Required work: After locating the line with "Weiß Gebraucht 2007" below, output it and each following line exactly, stopping after the line with "5 bedroom house share to rent, Pomona Street". No pictures.

Given entries:

• • • • • • •

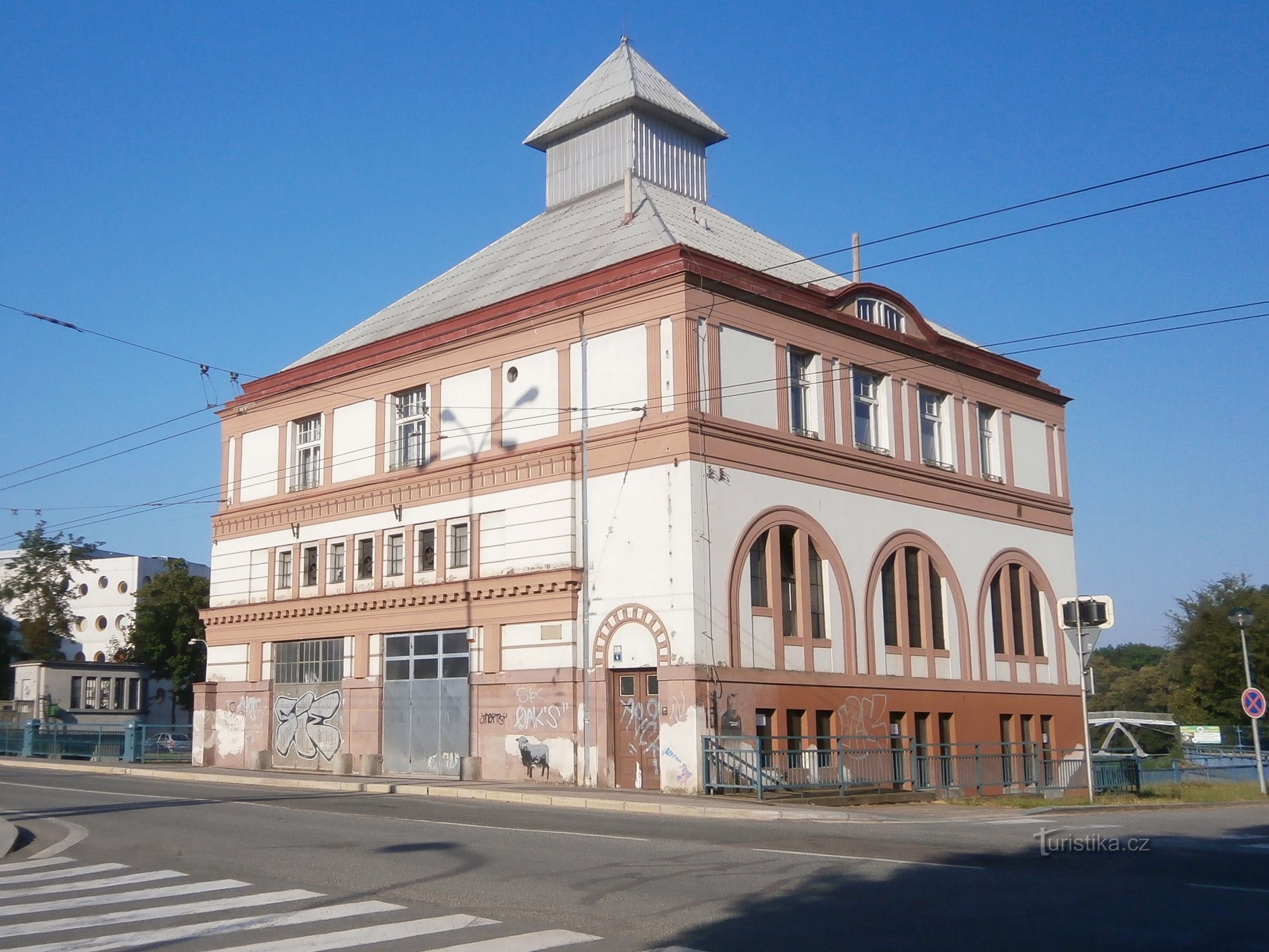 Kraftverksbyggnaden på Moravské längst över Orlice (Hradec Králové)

• • • • • • •

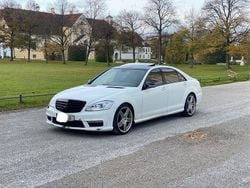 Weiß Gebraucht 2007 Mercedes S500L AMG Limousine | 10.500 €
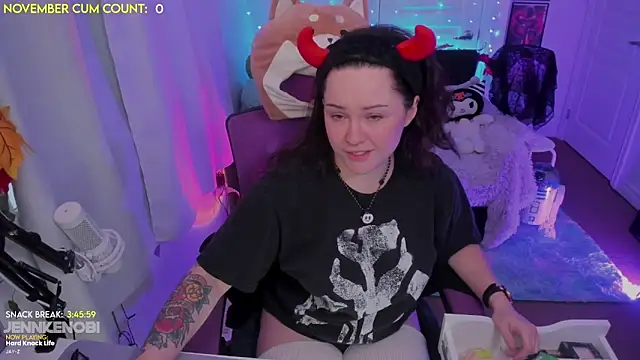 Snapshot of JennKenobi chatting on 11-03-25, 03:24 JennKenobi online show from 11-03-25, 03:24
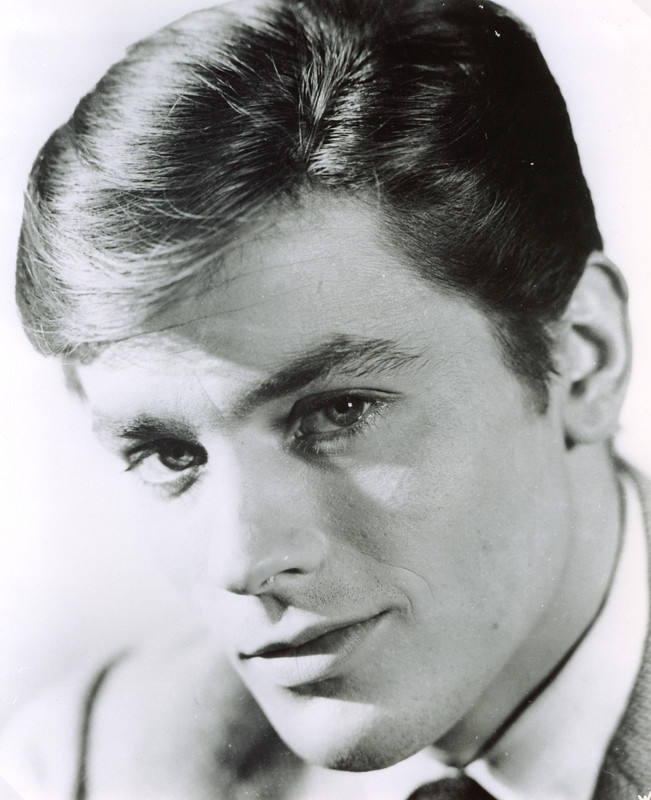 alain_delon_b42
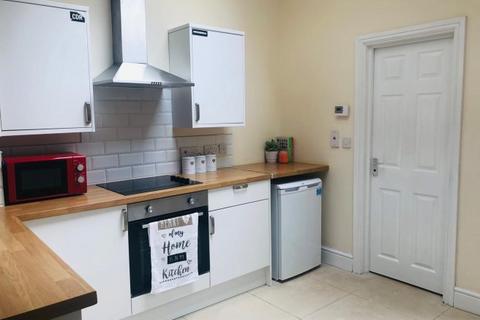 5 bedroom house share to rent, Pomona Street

• • • • • • •

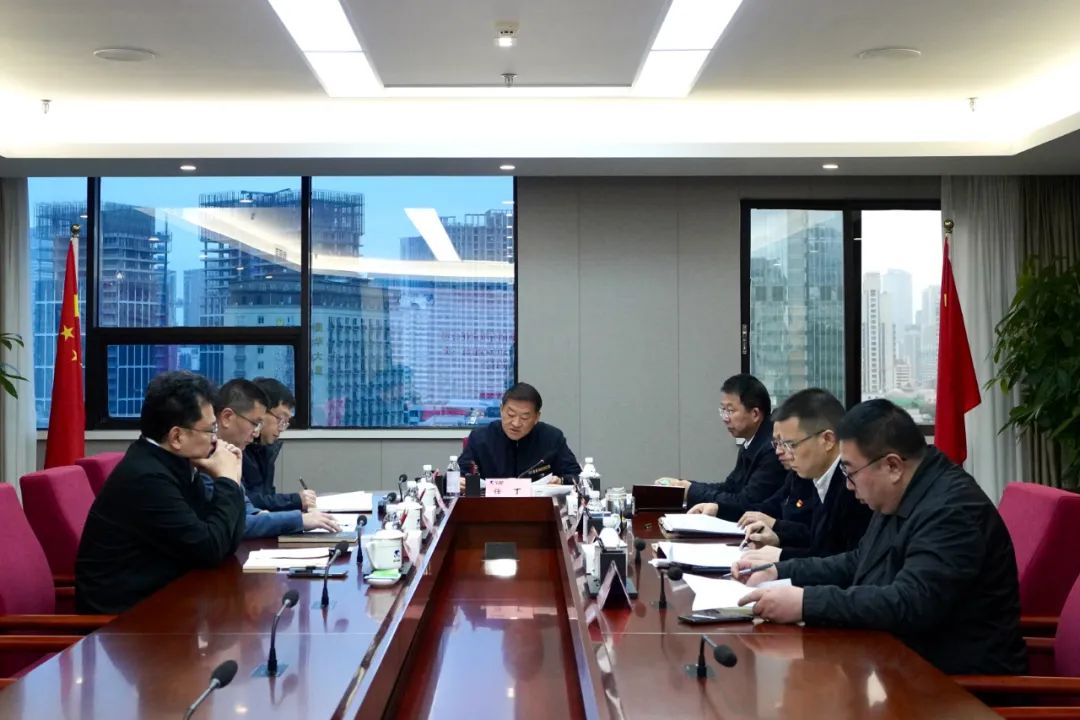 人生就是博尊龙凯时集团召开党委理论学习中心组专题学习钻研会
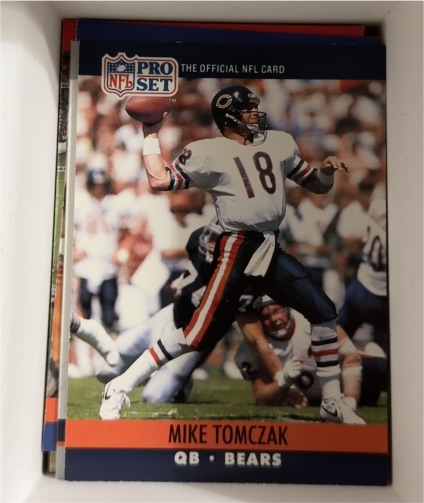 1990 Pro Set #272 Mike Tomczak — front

• • • • • • •

Exercise answer:
 Weiß Gebraucht 2007 Mercedes S500L AMG Limousine | 10.500 €
 Snapshot of JennKenobi chatting on 11-03-25, 03:24 JennKenobi online show from 11-03-25, 03:24
 alain_delon_b42
 5 bedroom house share to rent, Pomona Street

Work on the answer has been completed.